Geologische Besonderheiten mit eigenwilliger Flora und Fauna

    Die unmittelbare Umgebung unserer Orte weist einige Besonderheiten auf. Die hügeligen Erhebungen, die unvermittelt aus den Feldern ragen und von denen die Schwellenburg in Kühnhausen die größte und bekannteste ist, prägen die Landschaft. Wir wollten erfahren, welche geologischen Besonderheiten das sind, zu denen wir Spaziergänge unternehmen und von deren Gipfeln man einen herrlichen Ausblick hat.
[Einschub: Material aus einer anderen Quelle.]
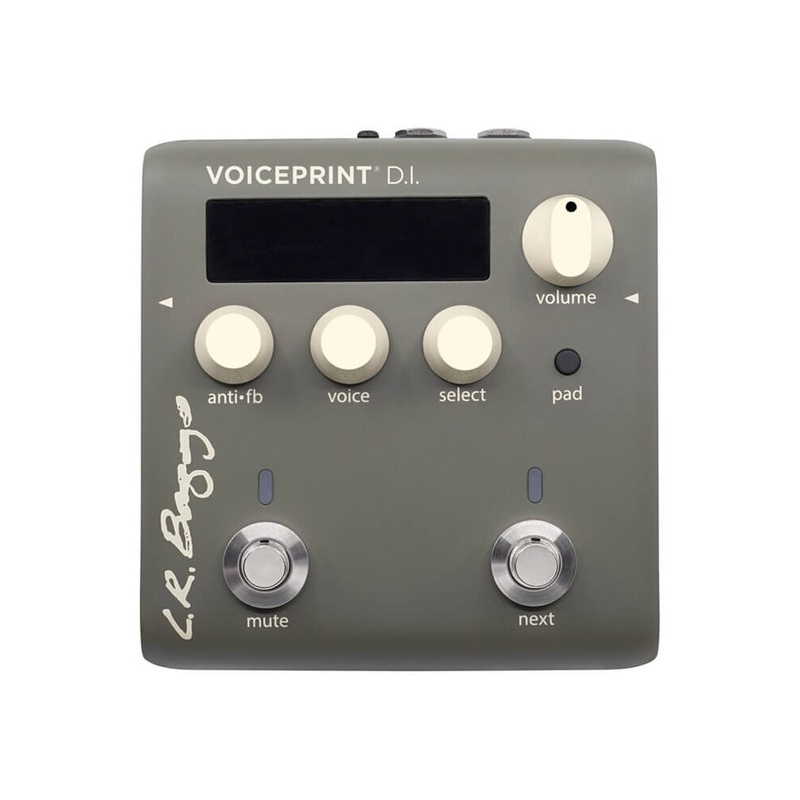 PEDAL_DI_LR_BAGGS_VOICEPRINT_DI(1).jpg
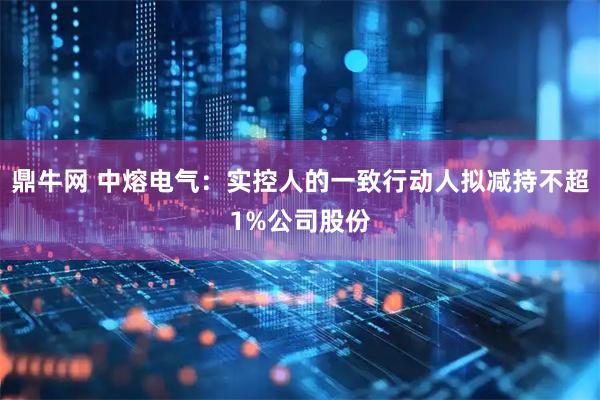 鼎牛网 中熔电气：实控人的一致行动人拟减持不超1%公司股份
    Wir sind mit Ingenieur Hendrik Voigtritter unterwegs – einem ausgewiesenen Kenner der landschaftlichen Charakteristika. Er hat unserem Wunsch entsprochen und erklärt uns die geologischen Formationen der näheren Umgebung. Seine Kollegin Manuela Reuter wiederum weiß, was in Sachen Schutz von Insekten und Vögeln wichtig ist.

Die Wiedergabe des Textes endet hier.